IPv6 zones in URLs are a mistake
xeiaso.net141 points by xena a day ago
141 points by xena a day ago
It gets worse than that.
The Python `ipaddress` library has an `ip_address` address that returns either an IPv4Address or IPv6Address if the passed string is a valid IPv4 or IPv6 address, or throws a ValueError if the address is invalid.
I've seen code that uses that function to determine if a user-supplied string is a valid IP before passing it to a command line. At first glance, that seems fine, but some shell metacharacters are valid in the IPv6 zone ID.
`fe80::1%a;whoami>${PATH:0:1}tmp${PATH:0:1}pwned` is a valid IPv6 IP, and if you did `ping fe80::1%a;whoami>${PATH:0:1}tmp${PATH:0:1}pwned`, you'd have the output of `whoami` written to /tmp/pwned.
Obviously, people shouldn't writing code that puts user input into a shell call without the proper method of execution (ie, shell=False when using subprocess.Popen), but people often think "I validated it, it's fine" and then get popped because their validation wasn't as good as they thought it was.

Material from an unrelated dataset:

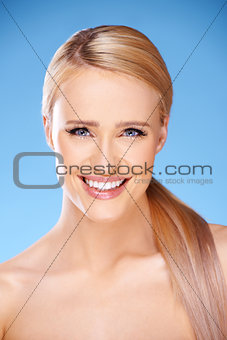 Beautiful girl with big smile on blue
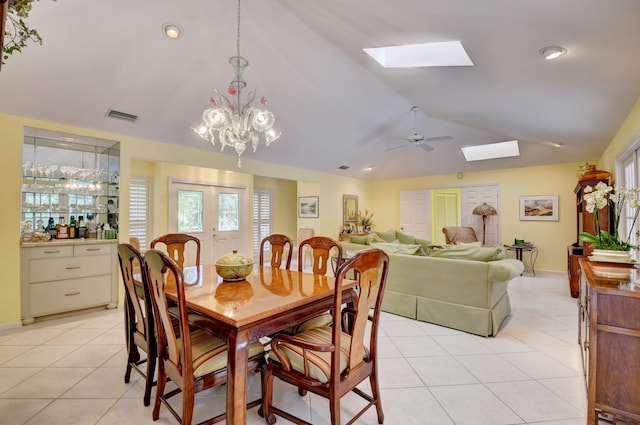 dining area featuring vaulted ceiling with skylight, light tile flooring, and ceiling fan with notable chandelier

EDIT: In case it isn't clear, `${PATH:0:1}` is necessary in the attack payload because a `/` is invalid in a zone ID. `${PATH:0:1}` is a tricky way to get a `/` character by just grabbing the first character of your PATH environment variable.
> `fe80::1%a;whoami>${PATH:0:1}tmp${PATH:0:1}pwned` is a valid IPv6 IP, and if you did `ping fe80::1%a;whoami>${PATH:0:1}tmp${PATH:0:1}pwned`, you'd have the output of `whoami` written to /tmp/pwned.
Is this really a Python problem? `subprocess.run` for example defaults to `shell=False` so you have to set `shell=True`, and on top of that be building up argv?
The "default" API for `subprocess.run` has you doing `subprocess.run(["ping", ip])` which... I think just entirely avoids this problem?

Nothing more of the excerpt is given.